Printed in an edition of 500 with silkscreen covers by Nadine Nakanishi of Sonnenzimmer. 2009

$20.00

LOVE IS A CERTAIN KIND OF FLOWER

by Stephanie Brooks

Love Is a Certain Kind of Flower is an extensive index of love metaphors culled from poems ranging from the classics to sentimental greeting card verse. Continuing in Brooks’ deconstruction of Romance, Love Is… provides an amusing and sometimes poignant reference for emotive description.


Love Is a Certain Kind of Flower is number two in the Pocket Lantern Series.
Printed in an edition of 250. 2009

$10.00

SO MUCH BETTER

by Terri Griffith

Liz is an employee at The Unified Telecommunications Credit Union, a job she has not missed a day of for three years. In between her daydreams of moving someplace warm, she peers at the bank account of her former lover, runs background checks on herself, attempts to dodge the young girl she has started an affair with, and hopes to reconnect with her missing sister. At first glance, it may seem as though very little happens over the course of the novel, but before long the minor events which seem so unimportant build upon one another until they collapse completely, as Liz forces herself to explore the depths a person will go to be alone.


Printed in an edition of 500 with silkscreen covers by Nick Butcher of Sonnenzimmer. Featuring a color plate by LA artist Zoe Crosher. 2009

$20.00

FASCIA

by Ashley Donielle Murray

n. pl. fas·ci·ae 1. Anatomy A sheet or band of fibrous connective tissue enveloping, separating, or binding together muscles, organs, and other soft structures of the body. 2. The debut collection of short fiction by Ashley Donielle Murray.
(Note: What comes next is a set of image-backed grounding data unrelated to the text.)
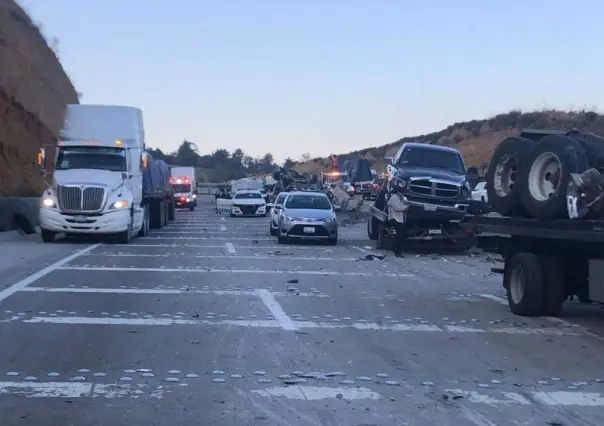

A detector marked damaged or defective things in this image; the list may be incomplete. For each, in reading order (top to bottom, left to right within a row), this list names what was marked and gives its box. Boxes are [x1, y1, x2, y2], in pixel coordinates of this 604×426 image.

damaged pickup truck [368, 143, 476, 250]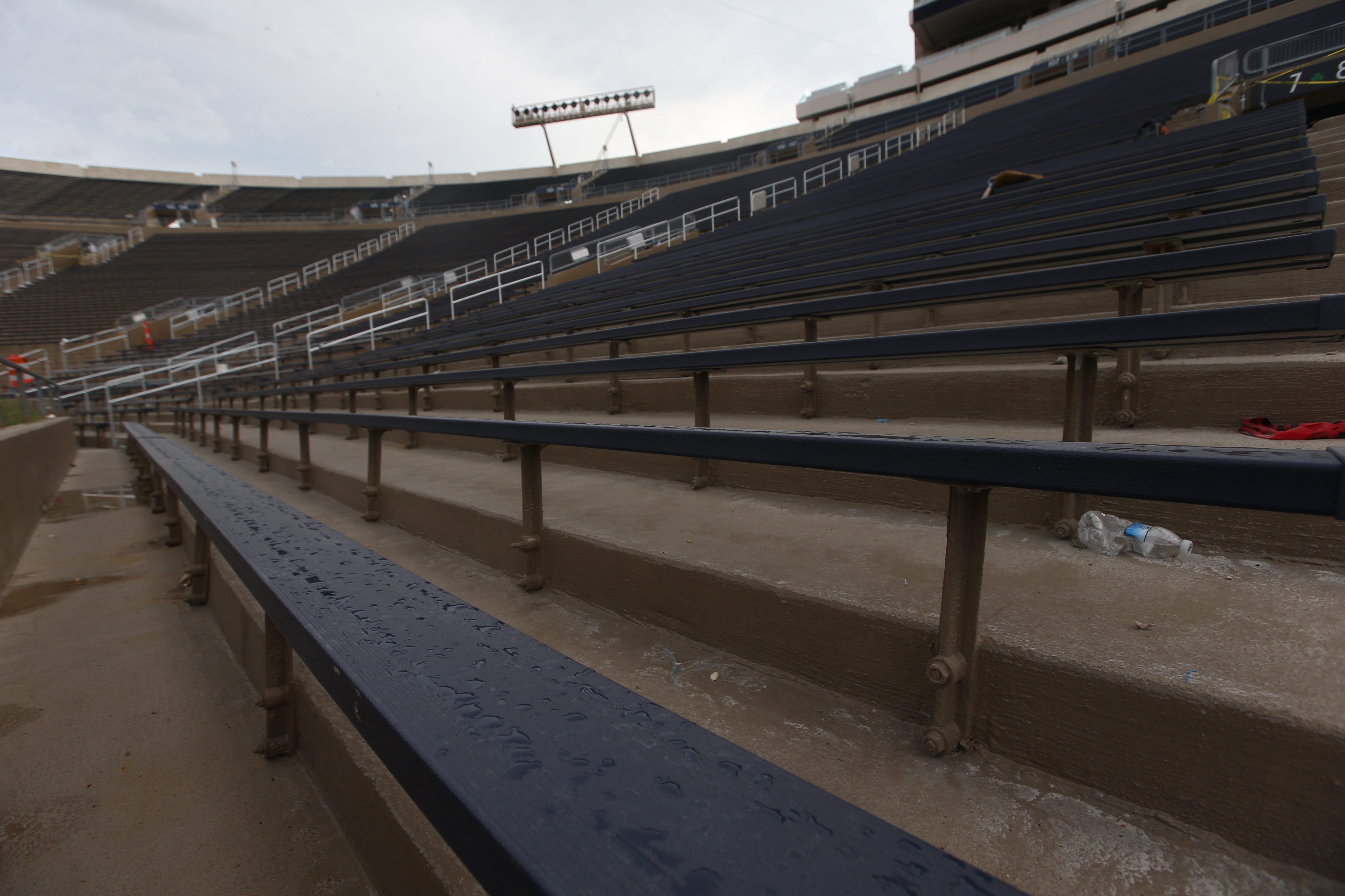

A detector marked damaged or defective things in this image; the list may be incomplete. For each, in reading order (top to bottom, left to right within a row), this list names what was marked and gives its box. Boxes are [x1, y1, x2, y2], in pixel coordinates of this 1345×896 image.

rusty bolt on bench leg [187, 521, 209, 607]
rusty bolt on bench leg [253, 620, 296, 763]
rusty bolt on bench leg [297, 422, 312, 492]
rusty bolt on bench leg [363, 430, 385, 521]
rusty bolt on bench leg [508, 440, 540, 588]
rusty bolt on bench leg [694, 371, 716, 492]
rusty bolt on bench leg [925, 483, 990, 757]
rusty bolt on bench leg [1054, 354, 1097, 540]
Like the tissues binding the heart to its arteries, the stories in Murray’s collection describe the threads, sometimes thin, sometimes strong, that connect daughter to father, husband to wife, and ourselves to our own histories. Each story is its own quiet revelation and has the ability to bind the reader to the book long after the covers have been closed.


Printed in an edition of 500 with silkscreen covers by Nadine Nakanishi of Sonnenzimmer. 2009

$20.00

THE NORTH GEORGIA GAZETTE AND WINTER CHRONICLE

by William Edward Parry and the crews of the Hecla and Griper

An annotated transcription of the 1821 newspaper, The North Georgia Gazette. The newspaper, written and published aboard an English ship trapped in the Arctic, was an attempt by the captain to lessen the boredom of a long, isolated winter. The result is an incredible existential metaphor, in which a group of people, stranded in the dark, are forced to make their own meaning in order to survive. The Gazette comes at a time of enormous climatic change, and it seeks to point out the importance of the relationships between humans and their surrounding environment. In addition to the entire 1821 newspaper, the book includes excerpts from the Captain's journal, original annotations by transcriber/poet Lily Robert-Foley, an introduction by St. John's (MD) Professor Dr. Michael Comenetz, an essay about optimism and humility by contemporary Arctic expeditionist John Huston and contemporary artwork by artists Deb Sokolow, Daniel Anhorn, Jason Dunda, and Nick Butcher.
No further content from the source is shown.